As a member of the Queen Anne Fortnightly study group for almost ten years I hosted many lunches for 24 ladies, planned quite a few parties and prepared about five presentations on a variety of topics. My favorite was choose a famous person to dine with which became Richard Olney Comes to Dinner at My House in March 2019, a very festive but fictitious event. He was my hero of food writing and living the best life you can. Although an author of several great cookbooks, he is probably most known for the Time Life series, The Good Cook Techniques and Recipes with 28 volumes of clear instructions on how to do everything in the kitchen (published in the US in 1969-70). This series is prized by culinary students and chefs and frequently plagiarized under the misguided sense the recipes are so old no one will notice. The recipes are so distinctive anyone who has read them would notice.

When he visited me for dinner where I made all his favorite things, described in the linked post above, he told me about working on The Good Cook series (very tiring, good money, never doing it again). He described why most don’t make it as professional wine tasters–don’t like spending the day in cold, dusty wine cellars spitting in a bucket 200 times and writing clearly about each of those spits. In his desire to be alone in the hills of Provence to paint, garden and cook, he had no running water or plumbing in his cottage. That still didn’t keep everyone away. He believed his wine cellar and his record collection lured people in to dance all night on his terrace overlooking the olive grove. Richard Olney was beloved by many including me.

Recently I received an extraordinary submission from my website which attracts salesmen of many varieties and a few marriage proposals. I read every one just in case it might be important. This one from an attorney in Providence RI made my heart pound.

“This is, no doubt, an unusual contact submission. My parents and I were friends with a woman in NY who had lived earlier in Britain and often traveled to Paris. In the 50's or early 60s she became friends with Beauford Delaney and with Richard Olney - whom you have written about on this blog. He had no descendants I am aware of. Our friend in NY also had no descendants, and so I inherited her belongings - full of interesting things, even though few have monetary value. One is a painting by Richard Olney. It is nothing special: a small painting of flowers. But it is signed "RO" in the lower right, and has his name written in her handwriting on the back. Now, the question is, whether you are aware of anyone who has collected memorabilia of Richard Olney, and who might be interested in the painting?”

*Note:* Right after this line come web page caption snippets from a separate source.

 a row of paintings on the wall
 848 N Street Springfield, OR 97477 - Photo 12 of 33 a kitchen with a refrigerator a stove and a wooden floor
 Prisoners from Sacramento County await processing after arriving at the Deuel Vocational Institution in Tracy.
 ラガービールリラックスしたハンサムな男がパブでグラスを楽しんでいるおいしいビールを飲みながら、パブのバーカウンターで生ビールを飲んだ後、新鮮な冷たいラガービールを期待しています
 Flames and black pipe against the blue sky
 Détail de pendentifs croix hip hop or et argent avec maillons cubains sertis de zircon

I responded formally and at length with all sorts of ideas about relatives and people like Alice Waters but at the end I said, ME! I just happen to have an unusual collection of art by family and friends that this piece will fit right in and be cherished.

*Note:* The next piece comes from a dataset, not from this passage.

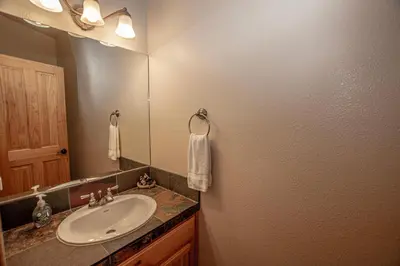 a bathroom with a sink and a mirror at Sherman By Hauserman Rentals in Tahoma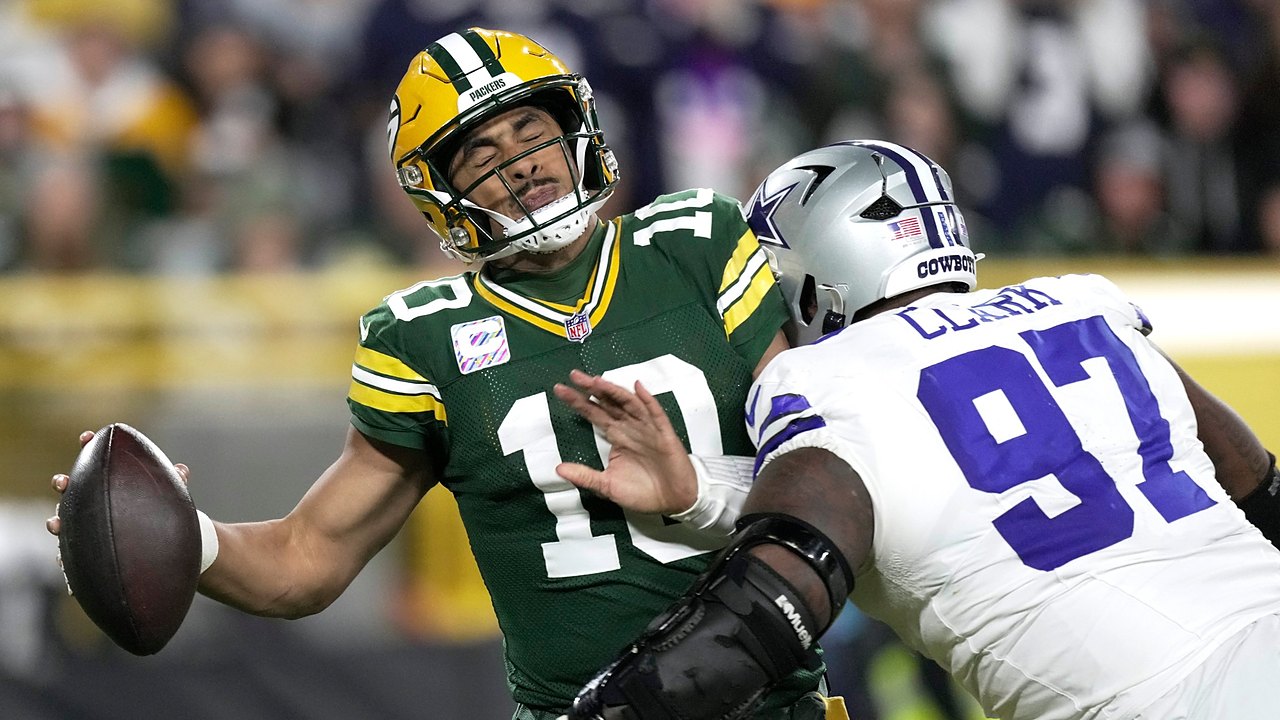 Dallas Cowboys defensive tackle Kenny Clark hits Green Bay Packers quarterback Jordan Love as he tries to throw.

My new painting of Flowers by R.O. Two photos of Richard Olney at his cottage outside the village of Sollies-Toucas, close to Toulon and 30 minutes from Bandol in Provence. A portrait of James Baldwin by R.O. Part of the famous Good Cook series.

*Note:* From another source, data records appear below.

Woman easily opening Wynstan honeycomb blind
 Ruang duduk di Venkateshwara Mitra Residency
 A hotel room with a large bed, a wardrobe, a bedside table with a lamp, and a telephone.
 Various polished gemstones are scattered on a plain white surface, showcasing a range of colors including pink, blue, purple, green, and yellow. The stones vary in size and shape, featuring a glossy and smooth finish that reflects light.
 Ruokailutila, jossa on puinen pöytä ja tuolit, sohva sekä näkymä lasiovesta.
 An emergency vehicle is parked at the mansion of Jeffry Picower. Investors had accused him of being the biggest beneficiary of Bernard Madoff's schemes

I am now indebted to Joan Sitwell who then took the painting to New York city where she lived on West 60th Street and had it framed by the esteemed House of Heydenryk with offices nearby and is still in business today for the finest museums and others who care about their framing. I will try to learn more about her and her envious lifestyle of the 50s and 60s. From what Richard wrote about his life in Paris then it was extremely lively and fun loving day and night.

I am forever grateful and indebted to the attorney, a noble human being who tracked me down through an internet search to try to find a friend of Richard Olney who would treasure a small painting of flowers. It found a home immediately at my house near the fireplace next to another rural painting where any visitor will see it first and I will study it every night when I sit on my loveseat at the golden hour to chat with my husband about the day.

Now that the Queen Anne Fortnightly papers will be archived at the University of Washington, we will all have more chances of being found by more researchers in the future. Isn’t that exciting?